Tra i volontari, alcuni attivisti internazionali sono intervenuti e hanno dato istruzioni alla popolazione locale su come salvare vite durante il combattimento.
“Alcuni attivisti internazionali sono diventati parte delle unità militari, ma io volevo impegnarmi in attività non violente perciò ho preso parte all’addestramento di assistenza medica di primo soccorso all’ospedale di Hassakeh”, dice Mateo, un volontario internazionale che viene dall’Europa e che si è unito alla Federazione del Nord lo scorso anno.
“Ora insegno ai civili a fermare il sanguinamento dei feriti, a tenere un arto fratturato e a muovere una persona ferita senza causare ulteriore danno.
“Addestriamo fino a dieci volontari al giorno in ogni città”.
Anche le organizzazioni locali come il Movimento dei Giovani (YM) hanno svolto un ruolo chiave nella preparazione alla guerra.
Molti membri dello YM hanno preso parte alla costruzione di sistemi di difesa, come lo scavo delle trincee e dei tunnel in diverse città.
“Lo YM è presente in ogni città della Siria del Nord. È un mix di arabi e curdi e anche di altre minoranze della zona. Organizzano addestramento militare e ideologico per giovani donne e uomini”, spiega Mateo.

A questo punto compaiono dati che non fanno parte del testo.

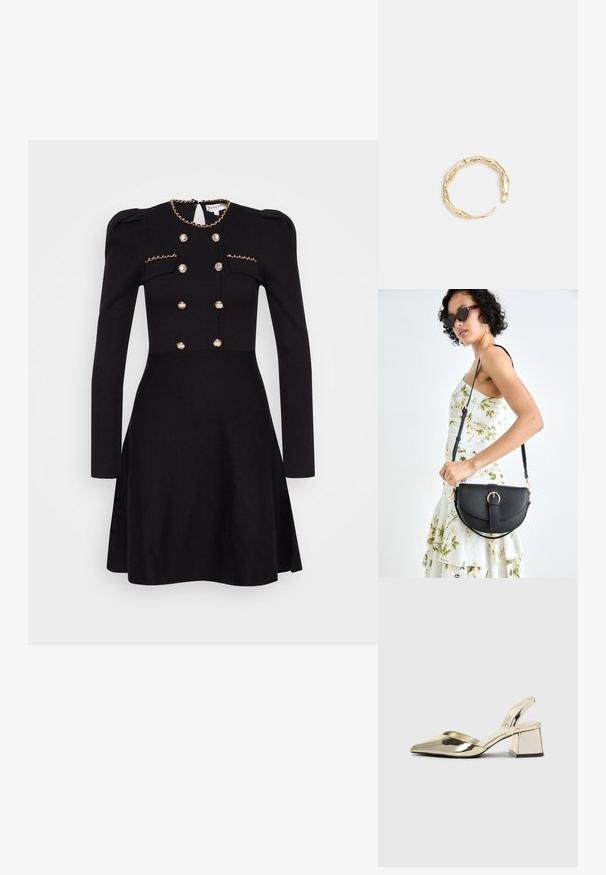 Crna haljina s dugim rukavima, dekorativni zlatni lanac na izrezu, dvostruko zatvaranje sprijeda s dugmadima presvučenim tkaninom i strukom koja je prilagođena.; Zlatni metalik slingback sandali s šiljatim vrhom i debelim potpeticama. Glatka tekstura, minimalistički dizajn i uski remen.; Crna kožna torba s lukovitim oblikom, odvojivim remenom i zlatnim detaljima. Torba ima preklop s kopčom.; Prsten u zlatnoj nijansi s organskim, uvijenim dizajnom, glatkom teksturom i suženim krajevima, koji stvara moderan, skulpturalni izgled.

“Hanno orchestrato diverse dimostrazioni a fianco delle azioni civili e politiche per mobilitare il maggior numero di persone possibile per l’imminente confronto con l’esercito turco e i suoi delegati”.
‘Combattenti impavidi’
Se prima o poi il ritiro delle forze statunitensi e degli altri membri della coalizione contro l’IS accadrà, i curdi in Siria e i loro alleati si confronteranno con l’esercito turco e i suoi delegati un’altra volta, la prima da quando la Turchia ha preso il controllo di Afrin.
Mohammad spera che la partecipazione regionale contribuirà a trovare un accordo che eviti un bagno di sangue.
“Se Erdogan avrà l’opportunità di attaccare, lo farà. Ma molte cose possono entrare in gioco in questa offensiva, come la Russia o gli Stati Uniti che possono tracciare linee rosse”, dice.
“In più, le SDF non sono isolate come lo erano le YPG ad Afrin. Sarà una guerra difficile per la Turchia”.
Nella Siria del Nord, i curdi sentono che la forte ideologia derivata dalla filosofia di Ocalan ha creato una relazione quasi organica tra le parti della comunità e la sua istituzione.
“Questa ideologia ci permette di guidare una battaglia popolare nella nostra società”, dice Abdallah.
“Quando i combattenti sono al fronte, devono sapere che l’intera società li sta supportando. È molto importante per la morale…
“Quando l’esercito turco invaderà, scenderemo in strada con le armi e combatteremo, ognuno secondo le proprie capacità contribuirà alla battaglia.
“Siamo preparati. Abbiamo creato comitati in tutti i settori della società. I tunnel e i bunker sono pronti per contrastare gli attacchi aerei. Le provviste di cibo e medicinali sono state sistemate.
“Sarà una guerra esistenziale… Non abbiamo paura di morire. Succede solo una volta e noi non moriremo senza onore”, dice Abdallah.
“Nella nostra cultura, festeggiamo quando un martire cade. Non piangiamo quell’uomo o quella donna. È un onore diventare martiri per aver difeso la comunità”, dice Kordo.
“Se la Turchia verrà, avranno a che fare con i combattenti più impavidi mai visti”.